Sunday, May 31, 2009

Thousands of websites about to bite the dust...

Yahoo announced a month ago that it was pulling the plug on GeoCities, one of the Web's first free web-hosting services. There doesn't appear to be any plan to migrate the thousands (millions?) of websites this will affect to other services. If you don't act by the end of the summer, you're Geocities website will disappear.

That is unless the Internet Archive has grabbed a copy, but they aren't likely to have many pages from each Geocities website archived. I've been conversing with someone who lost a backup of her Geocities website years ago, and IA only had a handful of pages archived. This is likely going to be a recurring story in the years ahead.

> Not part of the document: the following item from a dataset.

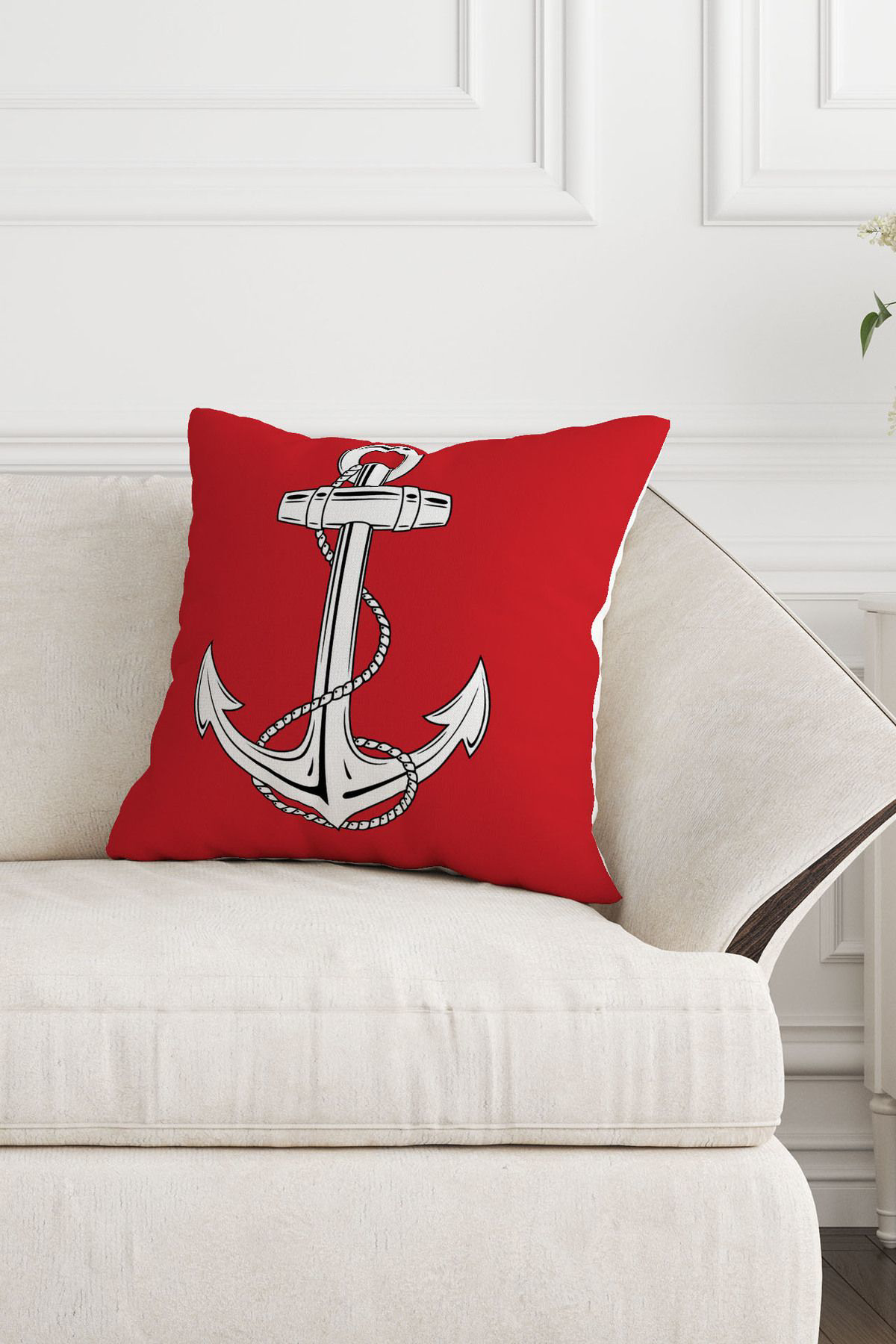 Çapa Desenli 3d Baskılı Dekoratif Kırlent Kılıfı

My first website was on Geocities. In fact, that's how I first learned how to use HTML in 1997. I'm so embarrased by that first website that I'm keeping the address a secret. I fear the day the Internet Archive's Wayback Machine has full-text search, because someone's going to pull it up and post it on Facebook or something. That's one stream of bites I'm not afraid of losing.

Tuesday, May 26, 2009

Flight simulator site AVSIM destroyed by hackers

This morning I got a call from an individual who alerted me to the AVSIM tragedy. Apparently this popular flight simulator website with 13 years of articles, forum posts, etc. was not being backed-up properly, and a hacker took them out.

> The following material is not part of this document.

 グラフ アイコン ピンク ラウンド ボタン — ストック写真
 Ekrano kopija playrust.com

Tom Allensworth, the website's founder, stated:
"The method of the hack makes recovery difficult, if not impossible, to recover from. AVSIM is totally offline at this time and we expect to be so for some time to come. We are not able to predict when we will be back online, if we can come back at all."

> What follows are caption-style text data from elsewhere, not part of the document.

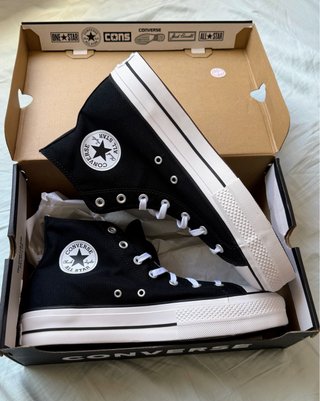 Converse plataforma negras unisex
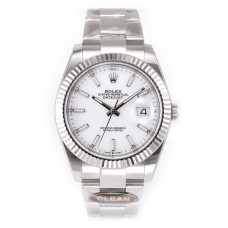 Datejust 41 126334 White Dial Stick Markers on Oyster Bracelet
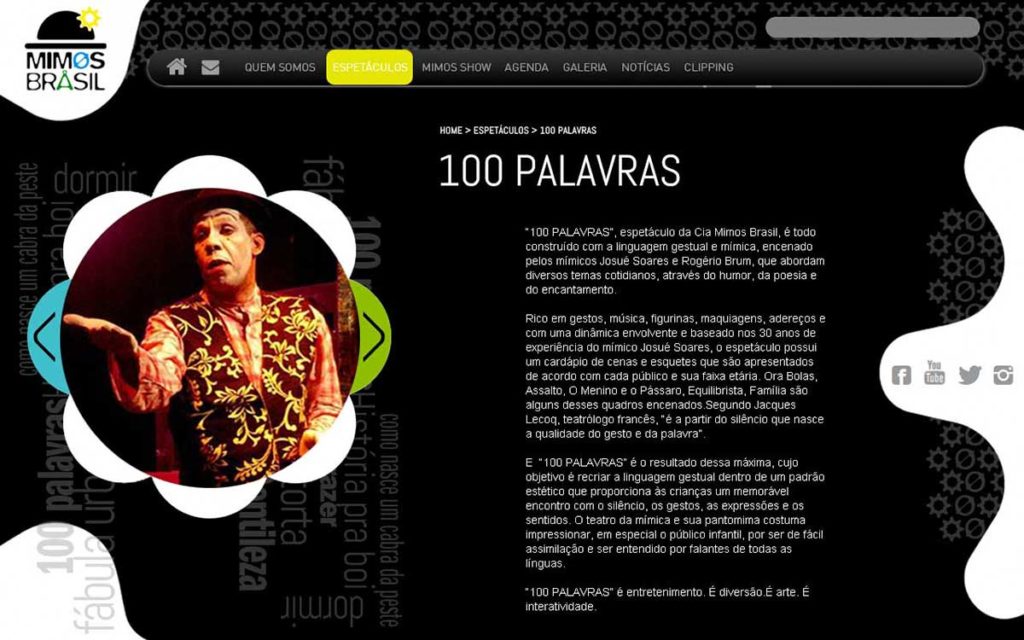 Ensaio do site da companhia de mímica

It's possible Warrick could recover a significant amount of lost content, but I have not heard from anyone at AVSIM about it. Perhaps they are using it now as we speak.

Thursday, May 21, 2009

Braden William McCown has arrived!

Braden made his appearance at 2:38 pm this afternoon. He was 8 pounds, 4 ounces, and 22" long. He had a basketball in one hand and a tennis racket in the other which made the birth very painful wink, but we were very thankful he decided to come during the day instead of the middle of the night. Ethan was excited to meet Braden and even gave him a couple of kisses. Let's hope they remain good buddies!

Becky and I are very appreciative of all the calls, emails, and Facebook messages we've received. We are excited to introduce you all to the little guy.

God is good!

Wednesday, May 20, 2009

Java Sitemap Parser

I've just released the Java Sitemap Parser on The software is capable of reading Sitemaps in XML, Atom, RSS, and text format. As far as I can tell, this is the first open source Sitemap-parsing software available on the Web.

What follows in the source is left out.